▶ Work instructions: Identify all lines in the data containing the string "High". Copy them out.

Short text fragments from websites
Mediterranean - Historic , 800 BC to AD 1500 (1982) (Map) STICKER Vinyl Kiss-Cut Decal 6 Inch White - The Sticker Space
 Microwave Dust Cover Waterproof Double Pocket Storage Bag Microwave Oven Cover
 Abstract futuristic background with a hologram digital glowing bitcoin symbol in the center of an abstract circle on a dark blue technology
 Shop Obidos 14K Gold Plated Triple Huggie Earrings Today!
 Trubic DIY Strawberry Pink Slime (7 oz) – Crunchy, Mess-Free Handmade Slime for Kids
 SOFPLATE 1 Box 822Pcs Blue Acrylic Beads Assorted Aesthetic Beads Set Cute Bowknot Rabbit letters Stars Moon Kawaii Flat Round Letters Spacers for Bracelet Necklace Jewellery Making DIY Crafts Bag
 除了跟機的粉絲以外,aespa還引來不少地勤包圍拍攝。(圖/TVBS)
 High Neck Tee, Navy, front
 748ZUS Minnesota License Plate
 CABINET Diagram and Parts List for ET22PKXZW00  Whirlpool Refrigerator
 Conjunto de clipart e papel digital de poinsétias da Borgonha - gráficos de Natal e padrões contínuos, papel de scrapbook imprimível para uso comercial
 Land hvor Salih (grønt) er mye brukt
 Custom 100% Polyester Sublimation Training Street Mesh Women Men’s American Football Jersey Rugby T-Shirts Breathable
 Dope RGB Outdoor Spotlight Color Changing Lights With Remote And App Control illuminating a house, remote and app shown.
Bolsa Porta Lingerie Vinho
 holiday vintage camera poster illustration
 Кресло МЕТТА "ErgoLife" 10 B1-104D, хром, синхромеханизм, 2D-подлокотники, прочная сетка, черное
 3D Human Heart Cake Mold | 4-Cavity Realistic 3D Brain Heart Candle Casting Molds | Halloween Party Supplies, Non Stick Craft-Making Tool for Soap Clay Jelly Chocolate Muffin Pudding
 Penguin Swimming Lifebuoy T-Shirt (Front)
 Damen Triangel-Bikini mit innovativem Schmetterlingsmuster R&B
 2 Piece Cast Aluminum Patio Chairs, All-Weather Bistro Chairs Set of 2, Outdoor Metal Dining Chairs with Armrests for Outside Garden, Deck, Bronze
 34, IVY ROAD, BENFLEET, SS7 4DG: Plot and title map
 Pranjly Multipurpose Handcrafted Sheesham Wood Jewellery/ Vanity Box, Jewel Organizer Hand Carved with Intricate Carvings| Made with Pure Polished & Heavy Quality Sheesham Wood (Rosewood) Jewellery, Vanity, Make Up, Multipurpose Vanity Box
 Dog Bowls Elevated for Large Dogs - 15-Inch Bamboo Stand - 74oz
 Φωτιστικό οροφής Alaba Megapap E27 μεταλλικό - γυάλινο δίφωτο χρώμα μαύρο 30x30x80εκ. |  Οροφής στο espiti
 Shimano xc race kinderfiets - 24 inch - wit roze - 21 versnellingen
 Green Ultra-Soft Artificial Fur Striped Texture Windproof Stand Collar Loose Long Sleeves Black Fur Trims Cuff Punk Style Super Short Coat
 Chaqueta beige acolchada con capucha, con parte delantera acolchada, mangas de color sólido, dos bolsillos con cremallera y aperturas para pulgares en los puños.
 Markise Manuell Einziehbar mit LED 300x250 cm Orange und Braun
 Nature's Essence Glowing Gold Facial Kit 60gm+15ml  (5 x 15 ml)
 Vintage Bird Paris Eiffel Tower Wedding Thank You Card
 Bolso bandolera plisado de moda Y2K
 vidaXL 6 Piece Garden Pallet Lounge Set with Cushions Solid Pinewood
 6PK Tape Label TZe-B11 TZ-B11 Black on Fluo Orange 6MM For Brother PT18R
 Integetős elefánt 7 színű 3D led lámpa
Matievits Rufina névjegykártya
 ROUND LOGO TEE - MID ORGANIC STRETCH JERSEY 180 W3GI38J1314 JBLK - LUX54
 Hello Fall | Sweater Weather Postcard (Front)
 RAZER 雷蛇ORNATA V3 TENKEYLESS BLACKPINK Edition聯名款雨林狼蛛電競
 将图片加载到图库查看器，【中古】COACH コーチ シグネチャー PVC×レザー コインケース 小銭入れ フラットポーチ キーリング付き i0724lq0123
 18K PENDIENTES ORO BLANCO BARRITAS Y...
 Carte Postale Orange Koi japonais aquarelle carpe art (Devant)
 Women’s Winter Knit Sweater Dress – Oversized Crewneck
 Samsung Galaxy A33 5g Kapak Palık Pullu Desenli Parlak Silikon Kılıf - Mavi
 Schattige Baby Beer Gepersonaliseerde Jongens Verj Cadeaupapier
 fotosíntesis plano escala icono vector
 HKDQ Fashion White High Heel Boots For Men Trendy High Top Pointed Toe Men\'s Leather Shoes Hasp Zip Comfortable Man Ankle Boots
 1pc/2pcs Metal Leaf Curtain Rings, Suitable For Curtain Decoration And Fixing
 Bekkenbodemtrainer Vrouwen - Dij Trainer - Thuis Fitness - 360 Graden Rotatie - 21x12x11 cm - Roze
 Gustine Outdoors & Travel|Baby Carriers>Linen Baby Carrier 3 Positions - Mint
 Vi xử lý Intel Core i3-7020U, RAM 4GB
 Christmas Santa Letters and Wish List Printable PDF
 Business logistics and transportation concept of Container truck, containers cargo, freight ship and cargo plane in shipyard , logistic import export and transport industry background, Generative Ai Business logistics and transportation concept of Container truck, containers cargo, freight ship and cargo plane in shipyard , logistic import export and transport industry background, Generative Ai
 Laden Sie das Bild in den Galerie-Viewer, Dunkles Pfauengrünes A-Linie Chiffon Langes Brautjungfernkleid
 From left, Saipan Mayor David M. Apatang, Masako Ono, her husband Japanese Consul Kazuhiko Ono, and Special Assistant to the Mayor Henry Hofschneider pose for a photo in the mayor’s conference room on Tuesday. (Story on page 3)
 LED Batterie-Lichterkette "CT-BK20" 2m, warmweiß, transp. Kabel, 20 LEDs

▶ Solution to the exercise:
 High Neck Tee, Navy, front
 HKDQ Fashion White High Heel Boots For Men Trendy High Top Pointed Toe Men\'s Leather Shoes Hasp Zip Comfortable Man Ankle Boots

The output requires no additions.